A core holding. He owns quite a bit. Metal services. As the economy continues to improve, this will do well. Likes the management. Likes the fundamentals. It is a good hold.

BUY

Steel processing company that pays a dividend. Have done extremely well. They have global customers. They are able to add value to the services they provide.

BUY

One of the good things about this company is that their cash flow is counter cyclical so when things go poorly, they draw down their inventory which creates cash flow and supports the dividend. Feels the dividend is safe. Worth looking at here with the little bit of increase in steel prices in the US. 5.6% dividend yield. $28 in the year would be possible.

COMMENT

Chart shows new support at old resistance levels. It does seem to be bouncing off the support. He would be reasonably optimistic on this, but watch the level of around $25. If it breaks that, it is definitely in danger. The only other point he would make is that the trend line that runs from mid-2011 was broken so he would be a little bit cautious.

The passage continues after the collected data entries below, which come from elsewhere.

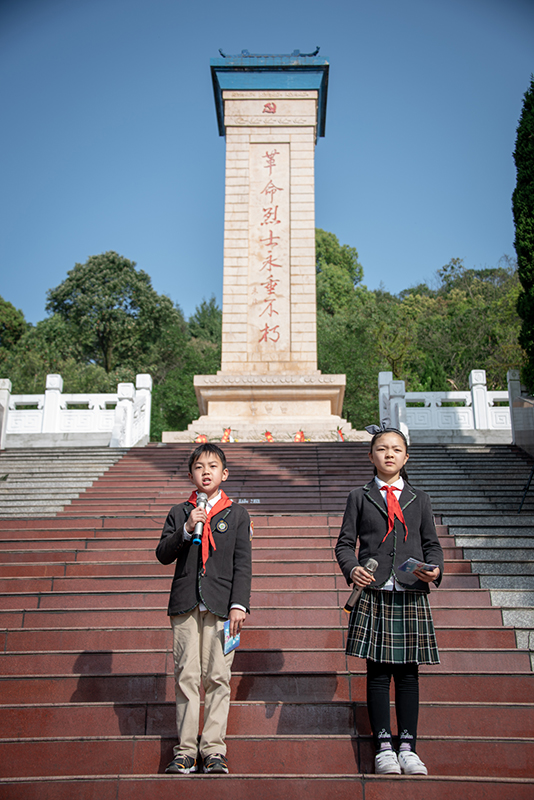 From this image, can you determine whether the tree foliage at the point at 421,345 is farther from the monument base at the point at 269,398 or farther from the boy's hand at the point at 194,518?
the boy's hand at the point at 194,518

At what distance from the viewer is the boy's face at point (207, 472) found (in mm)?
2754

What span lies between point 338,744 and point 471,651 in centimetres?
113

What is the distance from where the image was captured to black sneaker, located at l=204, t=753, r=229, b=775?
2.40 m

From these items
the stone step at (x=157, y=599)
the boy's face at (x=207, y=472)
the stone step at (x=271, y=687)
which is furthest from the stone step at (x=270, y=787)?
the stone step at (x=157, y=599)

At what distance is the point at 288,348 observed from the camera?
11.9 m

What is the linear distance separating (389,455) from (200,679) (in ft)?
3.96

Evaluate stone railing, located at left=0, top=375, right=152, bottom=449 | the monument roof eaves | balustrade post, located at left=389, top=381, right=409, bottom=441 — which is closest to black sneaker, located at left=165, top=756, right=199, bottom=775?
balustrade post, located at left=389, top=381, right=409, bottom=441

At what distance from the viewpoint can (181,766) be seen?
2.40 meters

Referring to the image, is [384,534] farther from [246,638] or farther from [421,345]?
[421,345]

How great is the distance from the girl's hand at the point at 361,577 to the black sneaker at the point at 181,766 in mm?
930

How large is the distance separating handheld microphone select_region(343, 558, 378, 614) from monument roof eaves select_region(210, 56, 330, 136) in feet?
40.9

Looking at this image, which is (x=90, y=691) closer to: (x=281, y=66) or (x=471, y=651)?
(x=471, y=651)

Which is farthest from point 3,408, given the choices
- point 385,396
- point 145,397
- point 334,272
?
point 334,272

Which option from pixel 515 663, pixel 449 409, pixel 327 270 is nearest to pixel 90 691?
pixel 515 663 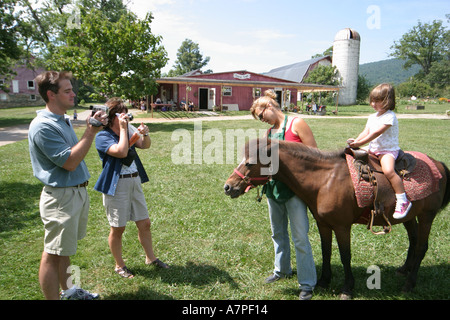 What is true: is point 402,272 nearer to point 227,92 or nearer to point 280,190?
point 280,190

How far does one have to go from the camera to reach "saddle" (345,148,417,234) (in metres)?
3.09

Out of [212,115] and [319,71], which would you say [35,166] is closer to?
[212,115]

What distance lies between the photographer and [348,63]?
4441 centimetres

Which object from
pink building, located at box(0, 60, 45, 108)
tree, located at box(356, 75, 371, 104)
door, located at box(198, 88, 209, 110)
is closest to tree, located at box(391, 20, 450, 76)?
tree, located at box(356, 75, 371, 104)

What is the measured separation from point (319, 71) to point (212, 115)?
26.0 metres

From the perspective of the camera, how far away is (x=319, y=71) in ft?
148

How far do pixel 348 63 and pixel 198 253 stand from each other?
156 feet

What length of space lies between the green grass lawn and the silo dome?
46.4 metres

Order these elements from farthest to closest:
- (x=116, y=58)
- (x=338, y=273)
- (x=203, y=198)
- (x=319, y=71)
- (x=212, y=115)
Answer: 1. (x=319, y=71)
2. (x=212, y=115)
3. (x=116, y=58)
4. (x=203, y=198)
5. (x=338, y=273)

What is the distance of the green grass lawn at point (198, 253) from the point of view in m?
3.40

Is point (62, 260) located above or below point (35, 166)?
below

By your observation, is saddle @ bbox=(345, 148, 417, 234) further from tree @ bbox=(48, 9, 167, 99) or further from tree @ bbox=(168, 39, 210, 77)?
tree @ bbox=(168, 39, 210, 77) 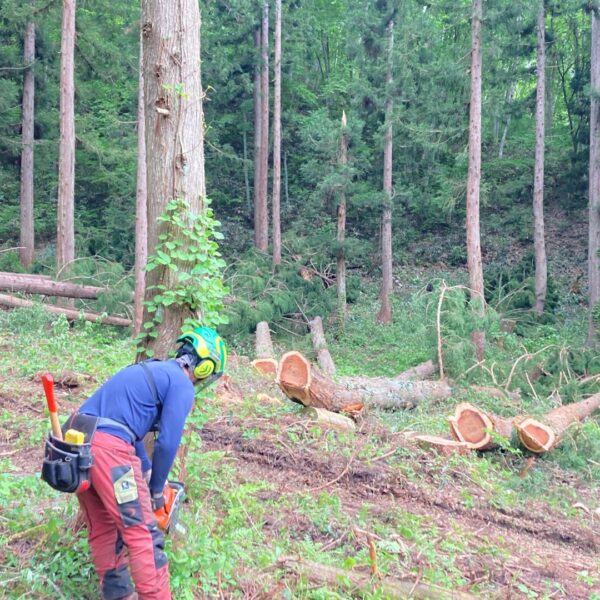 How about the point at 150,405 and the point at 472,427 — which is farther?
the point at 472,427

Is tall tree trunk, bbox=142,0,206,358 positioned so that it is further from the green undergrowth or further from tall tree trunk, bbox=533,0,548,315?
tall tree trunk, bbox=533,0,548,315

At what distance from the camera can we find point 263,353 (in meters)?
14.2

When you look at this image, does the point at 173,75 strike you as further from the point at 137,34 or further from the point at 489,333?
the point at 137,34

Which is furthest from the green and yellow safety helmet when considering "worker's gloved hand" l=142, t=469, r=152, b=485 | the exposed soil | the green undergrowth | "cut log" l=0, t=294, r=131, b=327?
"cut log" l=0, t=294, r=131, b=327

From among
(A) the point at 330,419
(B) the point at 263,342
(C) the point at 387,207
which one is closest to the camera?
(A) the point at 330,419

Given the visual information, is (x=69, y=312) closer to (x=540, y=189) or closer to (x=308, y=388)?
(x=308, y=388)

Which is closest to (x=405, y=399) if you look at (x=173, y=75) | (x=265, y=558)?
(x=265, y=558)

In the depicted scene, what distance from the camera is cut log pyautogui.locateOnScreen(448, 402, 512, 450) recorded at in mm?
7965

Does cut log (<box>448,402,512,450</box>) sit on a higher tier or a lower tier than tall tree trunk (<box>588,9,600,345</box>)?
lower

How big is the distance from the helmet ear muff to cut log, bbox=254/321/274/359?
389 inches

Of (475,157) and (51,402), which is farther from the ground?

Has a reasonable chance to get back to the $27-$28 level.

BUY

5.61% dividend. Owned for a long time and met with CEO in last month. Likes the fact that dividend looks safe. Demand for steel is slowing, but long term he likes the name. It participates in economic growth.

DON'T BUY

Thinks they reported in the last couple of days and results were not what were expected. Dividend is quite high but is safe. Their end markets are relatively weak. There is no rush to buy this one right now until you see an improvement in the steel market.

BUY

Good stock to own. Dividend is quite safe. Have a 2013 estimated payout ratio of around 50% and the company has an 80% earnings payout policy so they may raise their dividend. Also, some potential capital appreciation due to margin expansion. Feels steel prices are going to firm a little bit. Just acquired Apex which will be very accretive for them. Have an energy tubular segment which is 25% of their business, which will be a solid beneficiary if Keystone goes through.

HOLD

Dividend is sustainable. One of the best management groups in steel. Very good management team. Regrets that he has never bought. Thinks there is a new industrial cycle coming in. Earnings prospects look quite good. Prefers Magna.

HOLD

An industrial that is closely related to the steel sector. Steel has a seasonal strength from around the end of January through until about the 2nd week of May.

BUY ON WEAKNESS

Just bought Apex Distribution which will give them a good platform for future earnings growth. Lots of room to boost their dividend. Payout ratio of about 65%. Really good balance sheet so will probably make more acquisitions, which will fuel their growth. Try to buy on a bit of a pull back.